### BRIEF:
When duplicating the records beneath this instruction, omit every picture and keep all else exact.

Short text fragments from websites
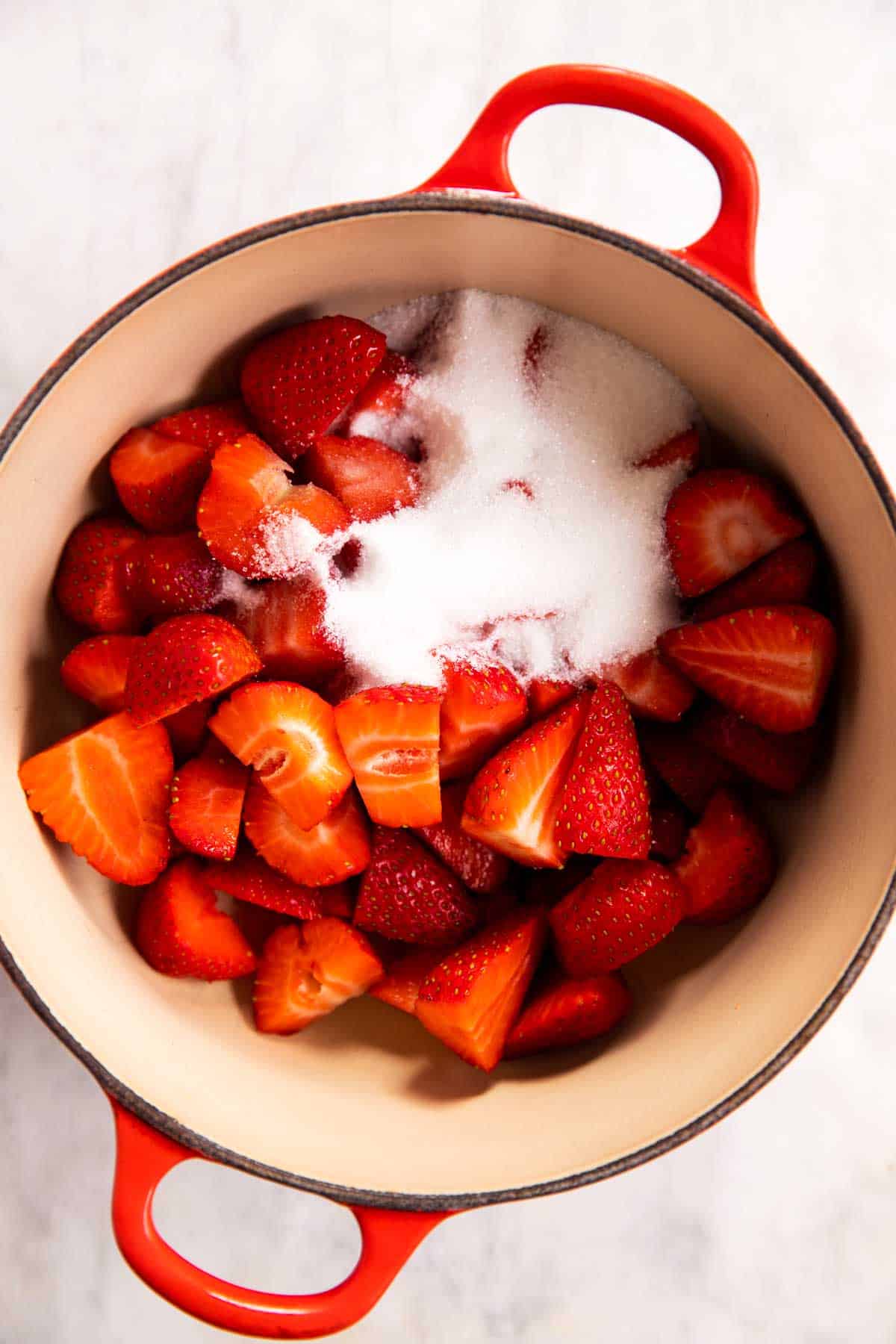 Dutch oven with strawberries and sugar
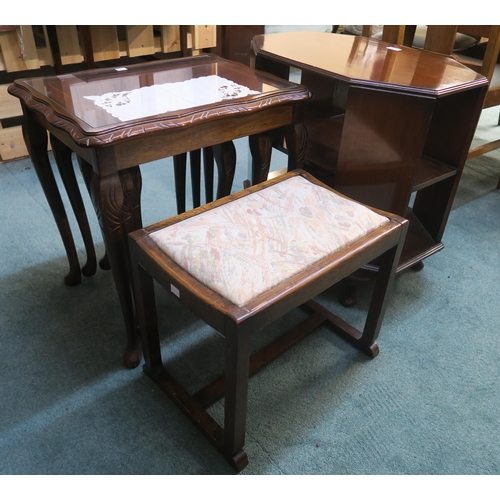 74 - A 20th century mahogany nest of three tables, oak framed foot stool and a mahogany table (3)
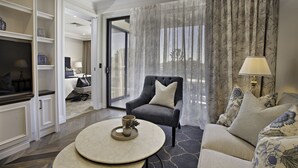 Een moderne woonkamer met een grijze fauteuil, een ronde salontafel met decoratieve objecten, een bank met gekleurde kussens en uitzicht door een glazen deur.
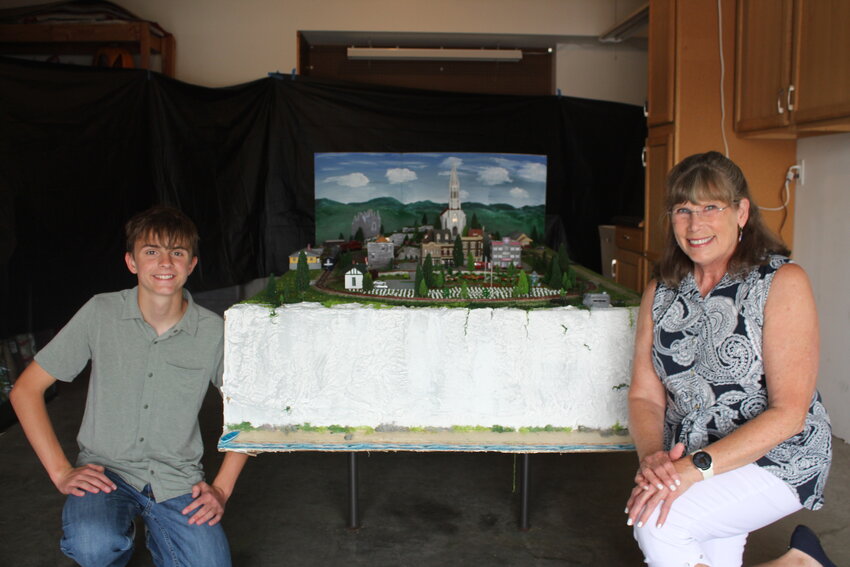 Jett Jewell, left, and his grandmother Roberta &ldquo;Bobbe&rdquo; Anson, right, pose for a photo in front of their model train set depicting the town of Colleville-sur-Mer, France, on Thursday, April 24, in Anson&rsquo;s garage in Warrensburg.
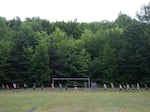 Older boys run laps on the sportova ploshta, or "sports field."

### SOLUTION FOR THIS PROBLEM:
 Dutch oven with strawberries and sugar
 74 - A 20th century mahogany nest of three tables, oak framed foot stool and a mahogany table (3)
 Een moderne woonkamer met een grijze fauteuil, een ronde salontafel met decoratieve objecten, een bank met gekleurde kussens en uitzicht door een glazen deur.
 Jett Jewell, left, and his grandmother Roberta &ldquo;Bobbe&rdquo; Anson, right, pose for a photo in front of their model train set depicting the town of Colleville-sur-Mer, France, on Thursday, April 24, in Anson&rsquo;s garage in Warrensburg.
 Older boys run laps on the sportova ploshta, or "sports field."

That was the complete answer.